The Poor, Governed by the Wealthy

To fully grasp the absurdity of these figures, they must be placed against the economic reality of the country whose leadership these forms supposedly unlock.

The Nigerian president earns a total salary package of N1.17 million monthly — including a basic salary of N292,892, a hardship allowance of N146,446, and a consistency allowance of N732,230, according to the Revenue Mobilisation Allocation and Fiscal Commission.

A Nigerian governor earns approximately N7.8 million annually. In other words, a governor would need to save his entire official salary — untouched — for more than six years to afford the APC’s governorship nomination form.

Nigeria’s national minimum wage stands at N70,000 per month, roughly N840,000 annually.

According to the Nigerian Consumer Outlook Report 2025, less than 1% of Nigerians earn above N1 million monthly, while the majority earns below N100,000 or has no stable income.

The World Bank estimates that more than 60 percent of Nigerians live below the national poverty line. For young Nigerians, savings are rare and access to capital is minimal.

Dr. Aysha Abdullahi, a political economist at B.U.K, told THE WHISTLER that the nomination form regime has effectively formalised the commodification of political candidacy.
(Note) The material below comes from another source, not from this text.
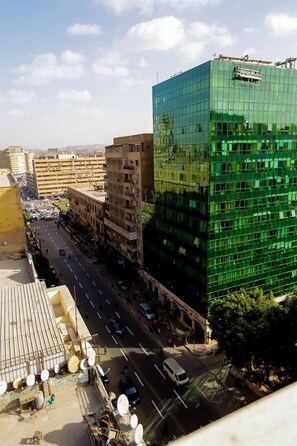 A multi-story building with a modern glass facade, adjacent to a busy street with vehicles and pedestrians. - Azar Boutique Hotel (Cairo)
“What these prices do is replace political merit with financial gatekeeping,” she said.

“You no longer ask: is this person qualified, do they have community support, do they have ideas? You ask: do they have N100 million? That is not a democratic process. That is an auction.”

The Youth Locked Out

Nigeria has one of the youngest populations in the world, and the numbers make the exclusion of youth from political office both a demographic paradox and a democratic tragedy. Youths make up over 67% of registered voters, which means that whoever they decide to vote for is sure of winning any election. Yet they wield almost no power within the structures that determine who is placed before them on the ballot.

Despite the passage of the “Not Too Young to Run” bill in 2018 — which lowered age requirements for elective office — the number of youths aged 18 to 29 voted into elective positions remains less than 1%.

The data on voter engagement tells a related story of disillusionment. Nigeria’s voter turnout has witnessed a steady decline since its peak in 2003, when turnout reached 69%. In the 2023 elections, turnout was just 27% — the lowest level in Nigeria’s democratic history.

Young people surveyed on political participation were not indifferent. They followed elections. They argued about candidates on WhatsApp. They cared. But when it came to showing up, registering for a party, attending a rally, or running for office, the barriers were concrete and material.

Transport costs money. Taking time off work costs money. Campaign registration costs money. In a country where youth unemployment sits above 50 percent in some states, these are not small obstacles.

Fatima Usman, a 27-year-old businesswoman in Katsina who sells fabrics, said she had given up on the idea of ever running for office despite being approached by members of her community to contest her ward councillorship seat.

“They told me to go and buy the form,” she said. “I said: buy the form with what? I am the one feeding my family. The form costs more than my entire shop is worth. These parties do not want people like us. They want their friends.”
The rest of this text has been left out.